Medical Radiation Science, School of Dentistry and Medical Sciences, Charles Sturt University, Wagga Wagga, NSW, Australia.
Biomedical Sciences, School of Dentistry and Medical Sciences, Charles Sturt University, Wagga Wagga, NSW, Australia.
PLoS One. 2023 Feb 17;18(2):e0279574. doi: 10.1371/journal.pone.0279574. eCollection 2023.

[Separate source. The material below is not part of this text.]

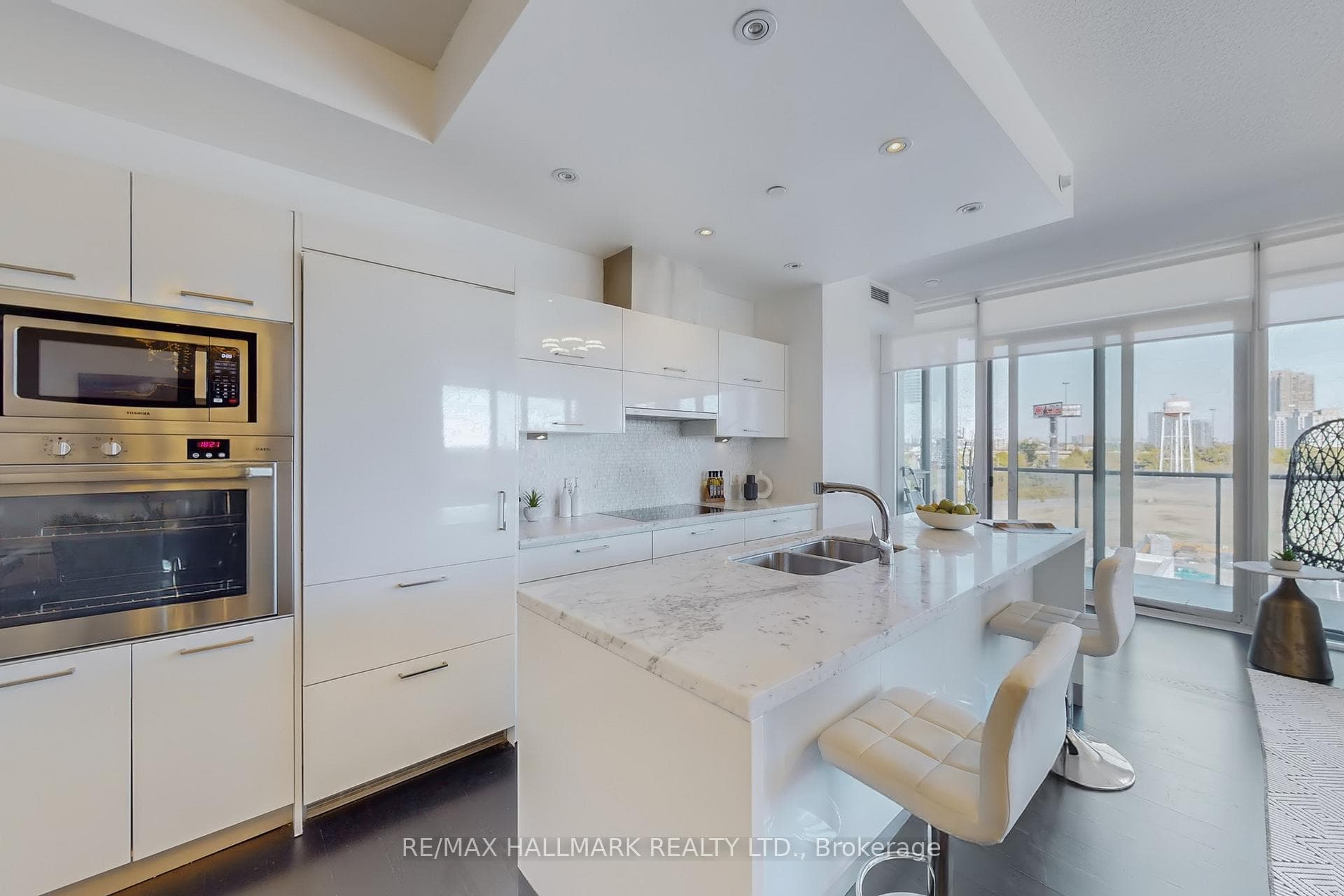 90 Park Lawn Road Unit 608 photo 14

The purpose of this work is to present a computer assisted diagnostic tool for radiologists in their diagnosis of Alzheimer's disease. A statistical likelihood-ratio procedure from signal detection theory was implemented in the detection of Alzheimer's disease. The probability density functions of the likelihood ratio were constructed by using medial temporal lobe (MTL) volumes of patients with Alzheimer's disease (AD) and normal controls (NC). The volumes of MTL as well as other anatomical regions of the brains were calculated by the FreeSurfer software using T1 weighted MRI images. The MRI images of AD and NC were downloaded from the database of Alzheimer's disease neuroimaging initiative (ADNI). A separate dataset of minimal interval resonance imaging in Alzheimer's disease (MIRIAD) was used for diagnostic testing. A sensitivity of 89.1% and specificity of 87.0% were achieved for the MIRIAD dataset which are better than the 85% sensitivity and specificity achieved by the best radiologists without input of other patient information.
本工作旨在为放射科医生提供一种计算机辅助诊断工具,用于诊断阿尔茨海默病。我们在检测阿尔茨海默病时采用了来自信号检测理论的统计似然比方法。通过使用阿尔茨海默病(AD)患者和正常对照(NC)的内侧颞叶(MTL)体积,构建了似然比的概率密度函数。使用 FreeSurfer 软件,根据 T1 加权 MRI 图像计算了 MTL 以及大脑其他解剖区域的体积。AD 和 NC 的 MRI 图像从阿尔茨海默病神经影像学倡议(ADNI)数据库中下载。最小间隔磁共振成像在阿尔茨海默病中的数据集(MIRIAD)用于诊断测试。MIRIAD 数据集的敏感性为 89.1%,特异性为 87.0%,优于没有输入其他患者信息的最佳放射科医生的 85%敏感性和特异性。